# Data listing
==*==

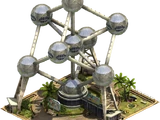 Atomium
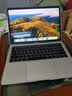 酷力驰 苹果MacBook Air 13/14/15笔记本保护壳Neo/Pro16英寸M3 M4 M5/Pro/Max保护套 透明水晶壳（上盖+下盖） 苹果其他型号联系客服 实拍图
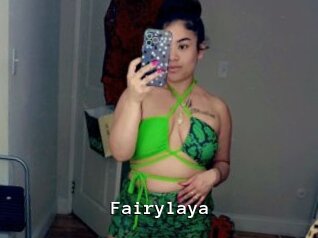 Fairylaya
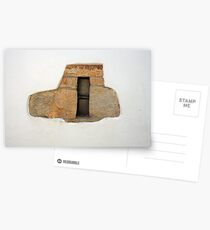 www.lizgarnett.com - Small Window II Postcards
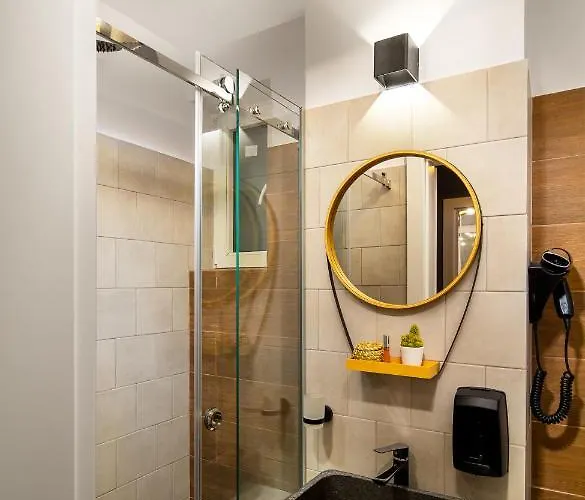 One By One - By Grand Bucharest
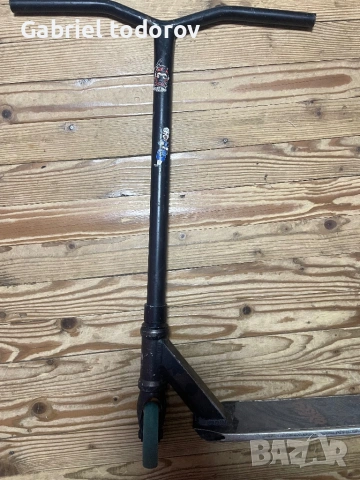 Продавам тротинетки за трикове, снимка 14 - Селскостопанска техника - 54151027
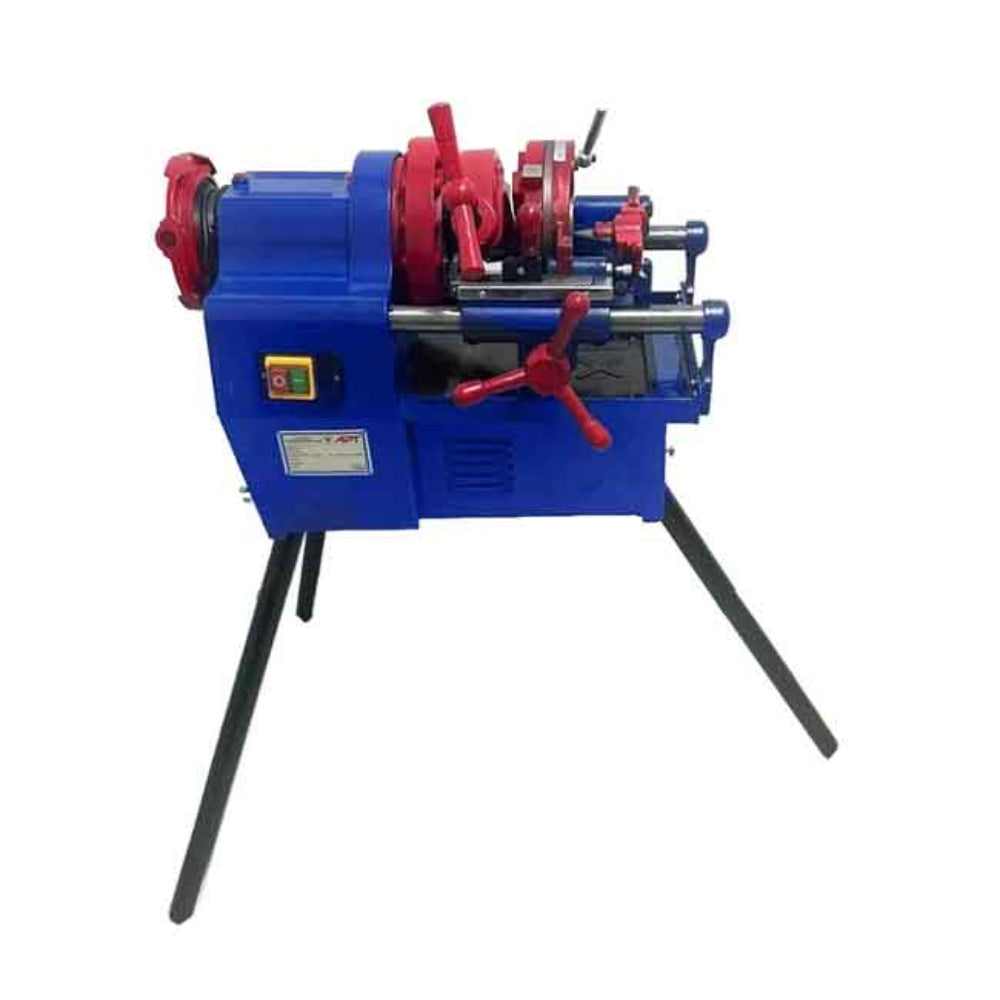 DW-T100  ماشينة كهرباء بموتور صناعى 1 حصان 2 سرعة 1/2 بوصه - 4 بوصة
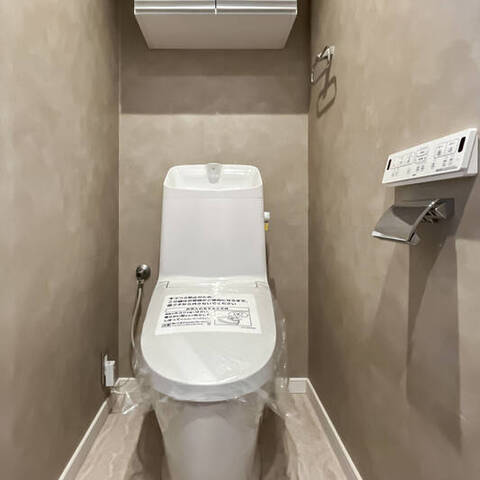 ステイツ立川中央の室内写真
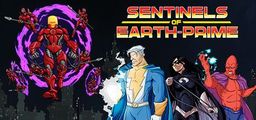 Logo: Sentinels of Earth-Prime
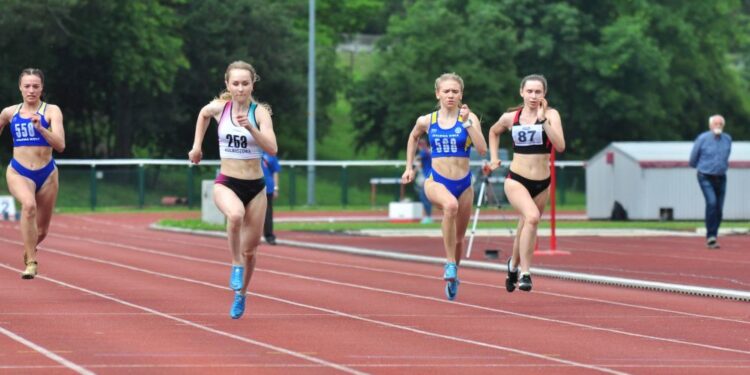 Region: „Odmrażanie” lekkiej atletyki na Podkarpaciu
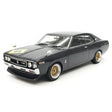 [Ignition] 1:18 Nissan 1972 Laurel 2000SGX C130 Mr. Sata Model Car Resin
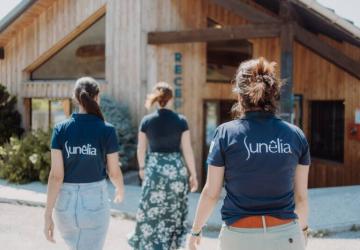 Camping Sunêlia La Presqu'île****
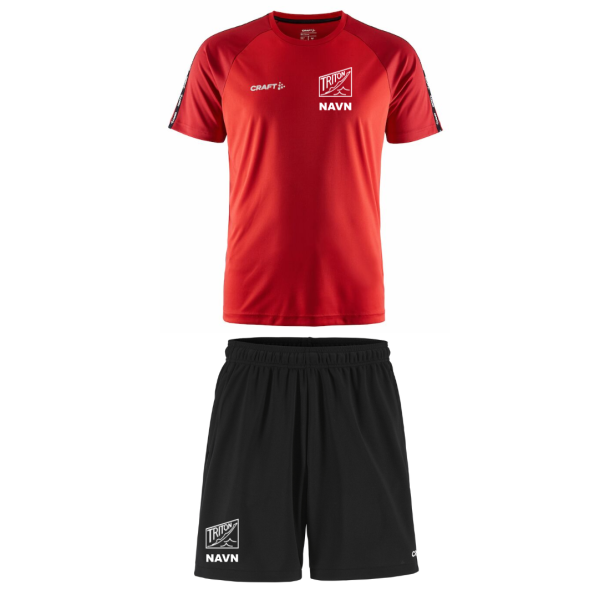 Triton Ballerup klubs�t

==*==

Return the records above exactly, without the pictures.

 Atomium
 酷力驰 苹果MacBook Air 13/14/15笔记本保护壳Neo/Pro16英寸M3 M4 M5/Pro/Max保护套 透明水晶壳（上盖+下盖） 苹果其他型号联系客服 实拍图
 Fairylaya
 www.lizgarnett.com - Small Window II Postcards
 One By One - By Grand Bucharest
 Продавам тротинетки за трикове, снимка 14 - Селскостопанска техника - 54151027
 DW-T100  ماشينة كهرباء بموتور صناعى 1 حصان 2 سرعة 1/2 بوصه - 4 بوصة
 ステイツ立川中央の室内写真
 Logo: Sentinels of Earth-Prime
 Region: „Odmrażanie” lekkiej atletyki na Podkarpaciu
 [Ignition] 1:18 Nissan 1972 Laurel 2000SGX C130 Mr. Sata Model Car Resin
 Camping Sunêlia La Presqu'île****
 Triton Ballerup klubs�t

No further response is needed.